期間限定とはいえ彼女という肩書きな筈だ。嘘はついていない。それに他の女と話したり“そういう事”をするぐらいなら、よっぽどアイツと電話しているほうがいい。

「彼女一人で満足なの?」
「満足も何もアイツ以外と関わりたくもねェよ」
「…トラファルガー先生勿体無いよ。せっかくカッコよくて、医者なんだからたくさんの女の子と関わった方が楽しいよ?」
「てめェの価値観を押し付けんな。おれはいらねェ」

おれが切り捨てるようにきっぱりと言い放つと、言葉を詰まらせてターナーは盛大な溜息をついた。
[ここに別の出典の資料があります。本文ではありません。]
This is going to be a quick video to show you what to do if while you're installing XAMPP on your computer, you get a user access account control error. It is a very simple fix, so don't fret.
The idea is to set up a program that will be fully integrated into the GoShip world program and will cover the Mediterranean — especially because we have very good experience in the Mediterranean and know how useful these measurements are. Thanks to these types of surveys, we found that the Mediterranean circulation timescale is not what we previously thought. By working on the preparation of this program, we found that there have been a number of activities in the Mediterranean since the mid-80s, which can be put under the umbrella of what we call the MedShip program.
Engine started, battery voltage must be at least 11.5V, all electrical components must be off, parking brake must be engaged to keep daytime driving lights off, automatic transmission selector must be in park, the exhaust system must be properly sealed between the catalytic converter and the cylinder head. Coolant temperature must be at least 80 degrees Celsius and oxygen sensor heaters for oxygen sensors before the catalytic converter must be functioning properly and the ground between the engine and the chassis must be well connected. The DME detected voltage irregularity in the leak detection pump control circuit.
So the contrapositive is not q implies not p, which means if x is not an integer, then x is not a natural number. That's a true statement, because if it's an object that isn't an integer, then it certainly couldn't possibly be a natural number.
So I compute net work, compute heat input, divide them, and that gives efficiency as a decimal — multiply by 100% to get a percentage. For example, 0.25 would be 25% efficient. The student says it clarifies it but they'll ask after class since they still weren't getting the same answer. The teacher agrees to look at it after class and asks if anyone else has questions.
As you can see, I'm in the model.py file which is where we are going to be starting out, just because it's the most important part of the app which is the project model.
「そんないい女なの?同じ職場の子?もしや看護師さん?」
「…相手が誰であろうとお前には関係ない」

向こうは隠したがっているという言葉は飲み込んだ。言えば安易に同じ職場であることを言っているもんだ。でもコイツに限っては言っておいた方がいいか。
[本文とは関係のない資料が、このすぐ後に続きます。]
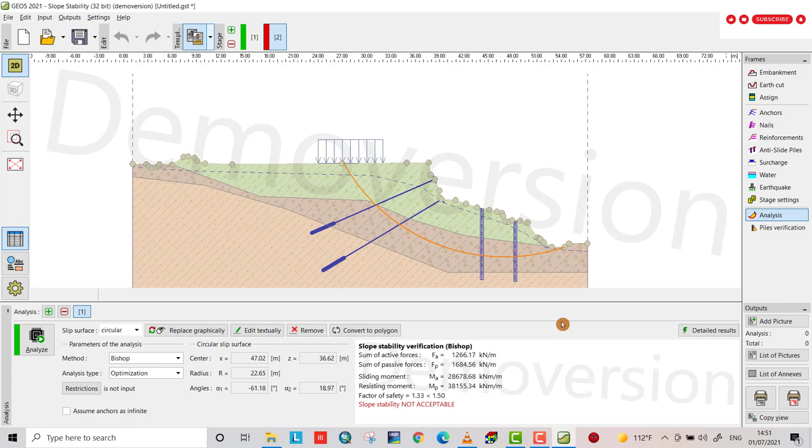I just want to analyze the slope stability, and in the next tutorial I will find a solution by providing a retaining wall for the slope. I hope it will be helpful. Have a nice time.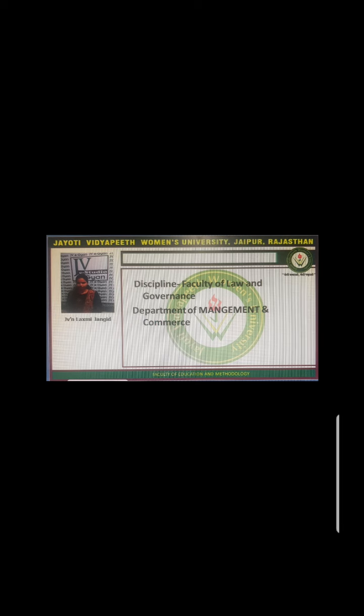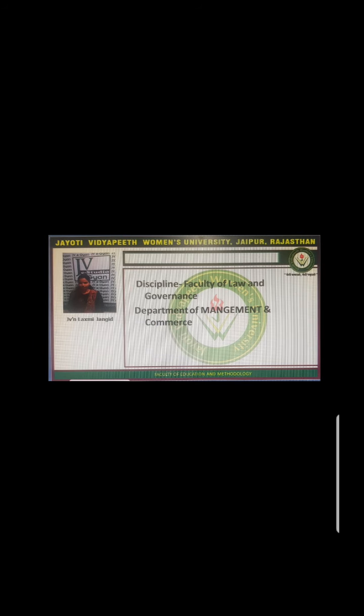In summary: the autocratic model relies on power; the custodial model depends on economic resources, i.e., money; the supportive model relies on leadership; the collegial model relies on cooperative teamwork to complete tasks; and the system model relies on trust, self-motivation, with performance results exceeding expectations as employees are committed to organizational goals.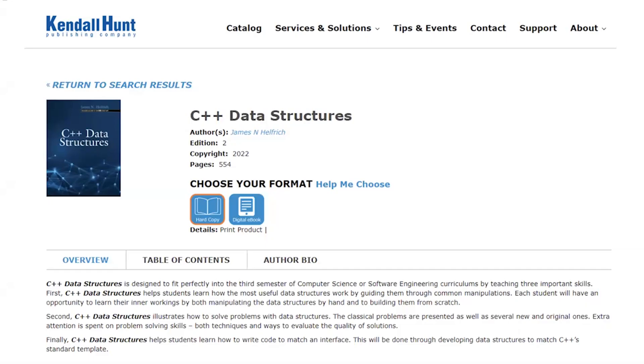The content for this video came from chapter eight for C++ data structures, namely example 8.1. To learn more about C++ data structures, take a look at the link in the video description.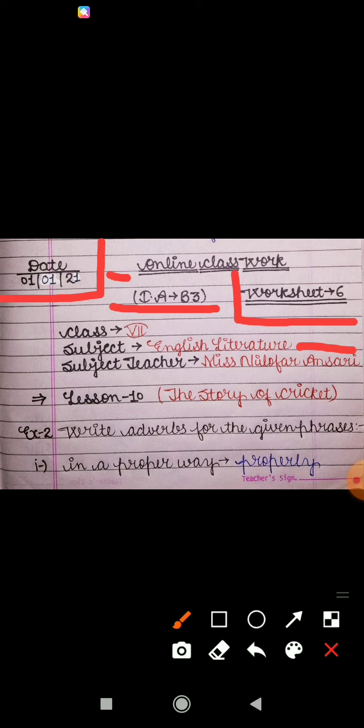You have to mention online classwork in your copies, and also mention Lesson 10. The topic of the lesson is 'The Story of Cricket.' Yesterday we started Lesson 10 and I provided two YouTube links in your group, through which I hope you all have understood the whole lesson. In the previous worksheet we did the word meanings and make sentences related to Lesson 10, and in today's video I will explain the exercises and some question answers related to Lesson 10. So let's get started.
アイツの男がおれだと言うことを言っておけば、仕事以外に絡むことは無くなるだろうか。まあ、絡んだところでアイツの堅さは身をもって分かっているためあまり心配はしていないが…いや待てよ。コイツもおれのように強引に進める奴だったら…案外押しに弱いアイツならホイホイと家に招いたり家に行きそうだ。間違いない。整形の医学書が家にたくさんあると言われたらアイツなら行きそうだ。

「えー、教えてよー」
「…お前が先ほど落としたいって言ってた看護師だ」
「…嘘でしょ?」
「残念ながら事実だ」

おれの言葉に目を丸くして、頭を抱え出した。
これで落とす気もなくなるだろ。

「なんだ…そうか……。なら、尚更燃えるね」
「…」

完全に想定外だ。
煽ってねェよ。煽るつもりで言ったんじゃねェよ。

ターナーは酒を回収して、おれの部屋を出て行こうとしてドアの前で立ち止まった。

「奪われても、おれを恨んだりしないでくれよ」

こちらを睨むようにして言ってきた男を鼻で笑った。
安い挑発だが、乗ってやるよ。

「くく。奪えるもんなら奪ってみろよ」

おれが口角を上げるとターナーは悔しそうに顔を歪めて立ち去っていった。